RECORDED INFORMATION ▸
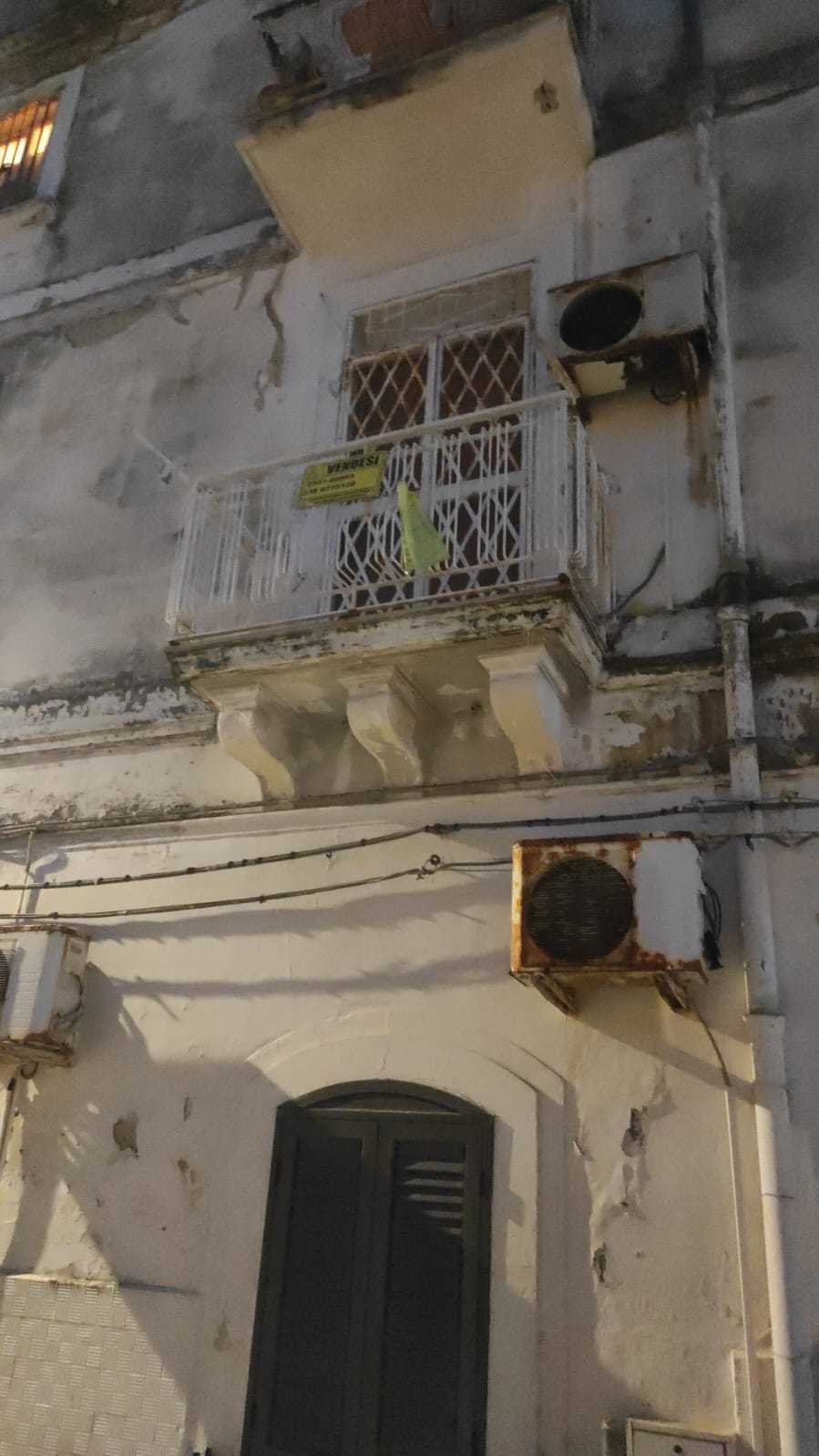  - foto 20
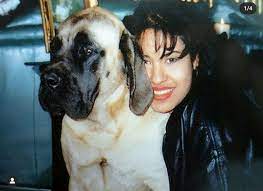 Chris And Selena S Dogs Taylor And Winny Dogs Animals Selena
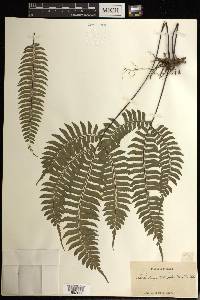 Adiantum tetraphyllum image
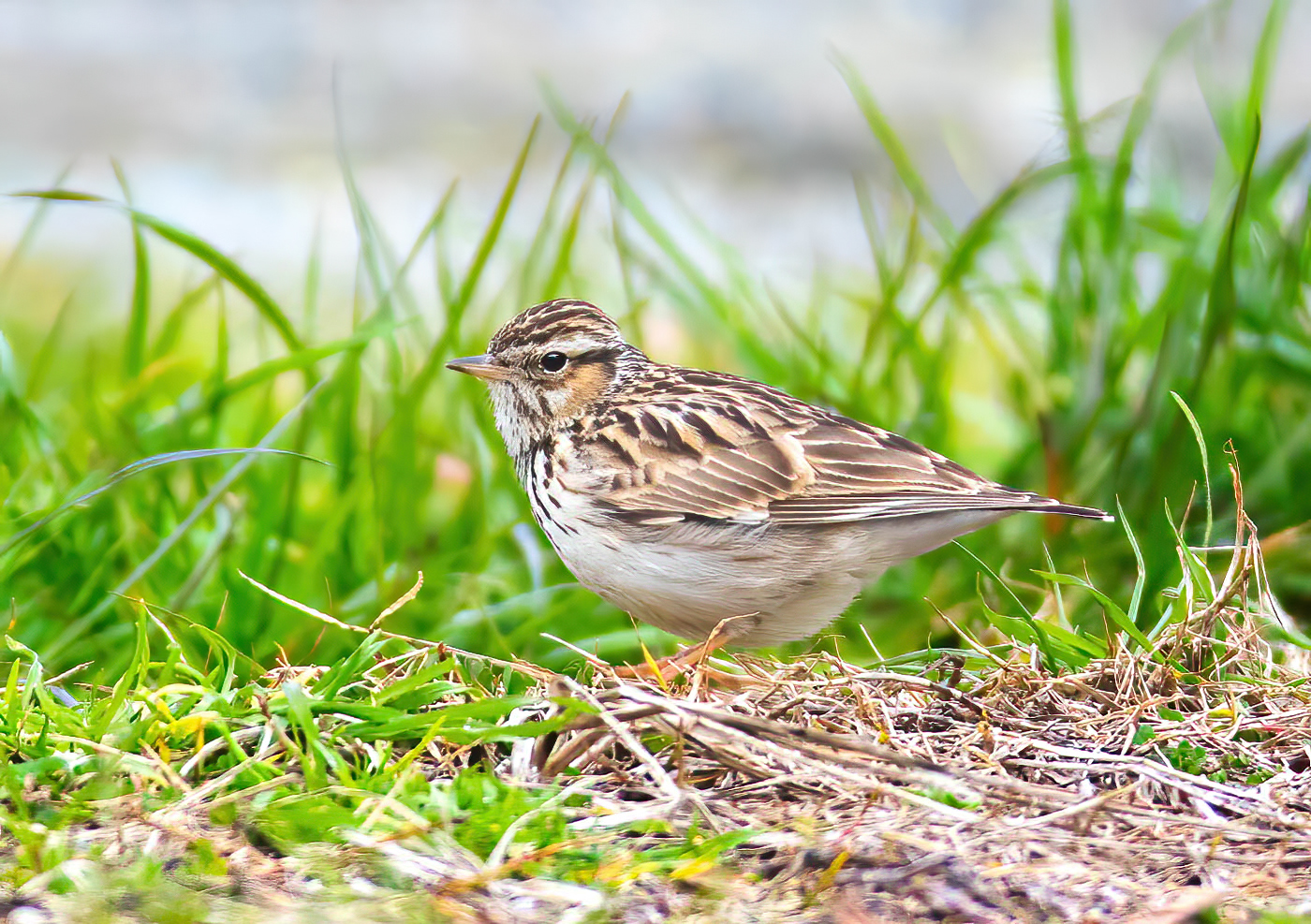 Woodlark (Lullula arborea)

AIM OF THE TASK ▸ Pictures aside, reproduce all of the material above without alteration.

RESPONSE AREA ▸
  - foto 20
 Chris And Selena S Dogs Taylor And Winny Dogs Animals Selena
 Adiantum tetraphyllum image
 Woodlark (Lullula arborea)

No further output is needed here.